MR MILLER: So the humanitarian situation in Gaza is dire. You have seen us focus from the beginning of this conflict on trying to improve the humanitarian situation. You’ve seen the Secretary travel to Israel to press Israeli officials to allow more humanitarian assistance to flow into Gaza. We have a special envoy we appointed who is in the region working every day on increasing the amount of food and water and medicine that goes into Gaza. And you have heard us say – and the Secretary traveled and met with members of UNRWA in the region – how important the work that UNRWA is – or that UNRWA does is to Gaza and to civilians in Gaza, and it’s important that work be continued.
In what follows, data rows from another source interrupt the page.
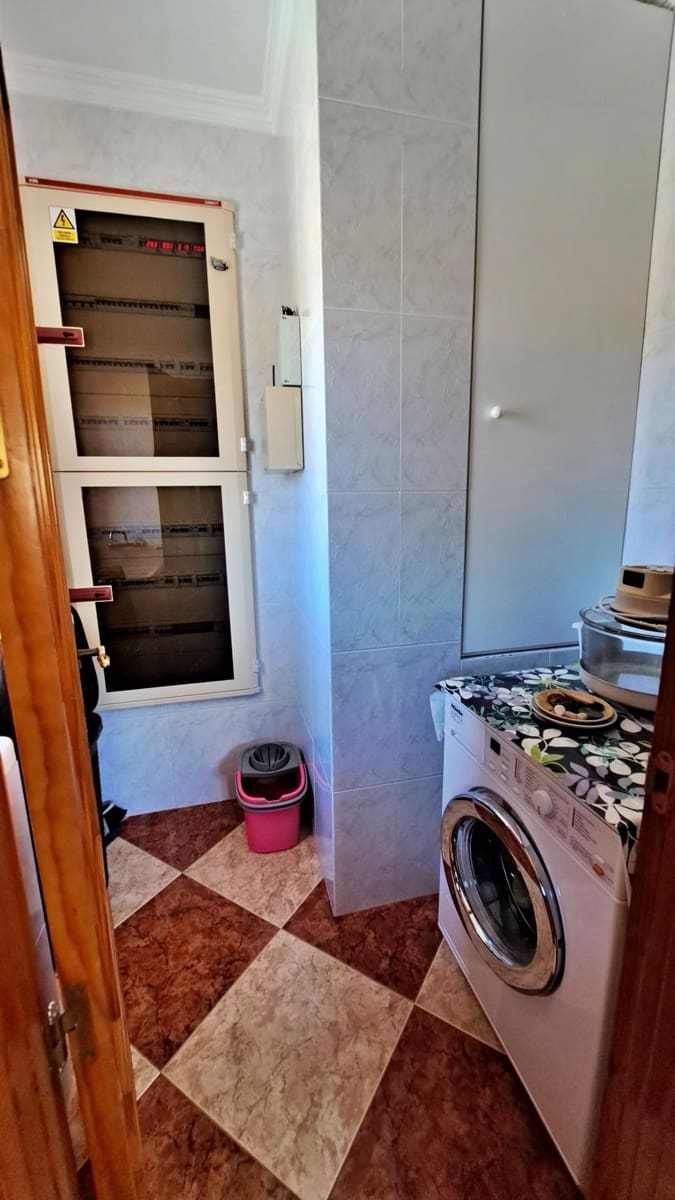 4 camera da letto Villa in vendita in Benajarafe - 1.800.000 € (Rif: 7937782)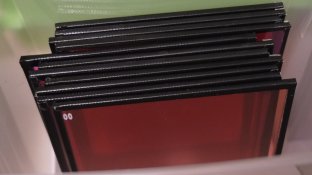 devere8.jpg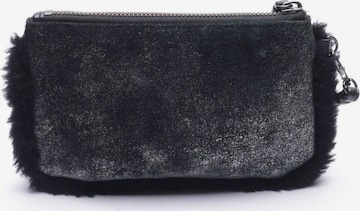 UGG Clutch One Size in Schwarz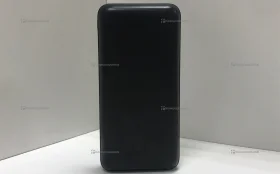 Купить Power Bank 20.000 aceline б/у , в Санкт-Петербург Цена:990рублей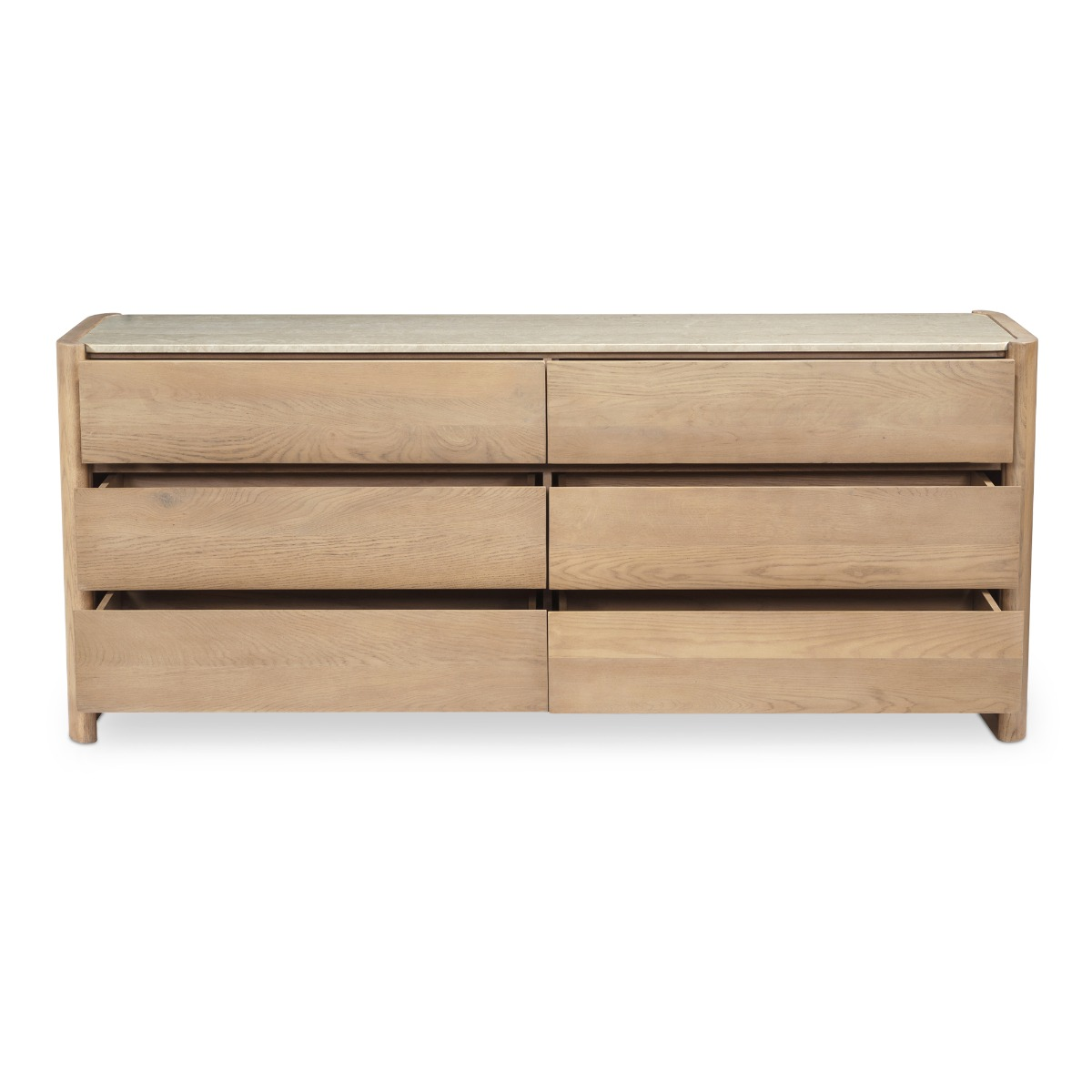 Biest Dresser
And I would say it is because that work is so important that it is also important that UNRWA and the United Nations take this investigation seriously.
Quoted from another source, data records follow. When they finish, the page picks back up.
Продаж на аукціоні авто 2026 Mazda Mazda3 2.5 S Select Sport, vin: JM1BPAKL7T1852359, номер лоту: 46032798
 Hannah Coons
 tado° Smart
I note the – you said “allegedly,” and that is very much true, but UNRWA found that the evidence that was presented to them was credible enough that they fired eight of these employees and have suspended two others. And so we think the work’s important, but this is an investigation that needs to be conducted thoroughly. There needs to be accountability. If appropriate, there need to be remedial measures to ensure that this can’t happen again. And there’s no reason that the United Nations can’t do this investigation quickly. And in fact, because of the important work that UNRWA does, it’s important that they do carry out this investigation quickly.

QUESTION: So what would be satisfactory for the United States and its allies to sort of say, okay, aid will resume?

MR MILLER: So I will only speak for the United Nations – or for the United States, not for other countries. But the steps that I just outlined are what we want to see, a full investigation. And as we said in the statement we put out on Friday and we have said since then, we welcome the investigation that the United Nations has launched. We want to see accountability. We’ve seen initial steps to accountability in that UNRWA has fired eight of the employees and suspended two others while they conduct the investigation. And we want to see measures put in place to ensure, to the extent possible, that this can never happen again. And so we are engaging with UNRWA. We are engaging with the United Nations about what those steps ought to look like. I won’t read out the details of those conversations, but they are in the buckets that I just outlined.

QUESTION: Thank you.

MR MILLER: Simon, go ahead.

QUESTION: I want to come back to the ICJ ruling last week, because you haven’t had a briefing since then. Before the ruling, your colleague – we were asking what the U.S. view would be on whether Israel is compelled to follow what the court was asking it to do. I wonder, you have responded to the – the State Department has responded to the ruling, but on the specific – I guess one specific thing that the ruling requested of Israel is to report within a month on what it’s doing to ensure that genocide isn’t taking place. Is that something that the U.S. is calling on Israel to comply with?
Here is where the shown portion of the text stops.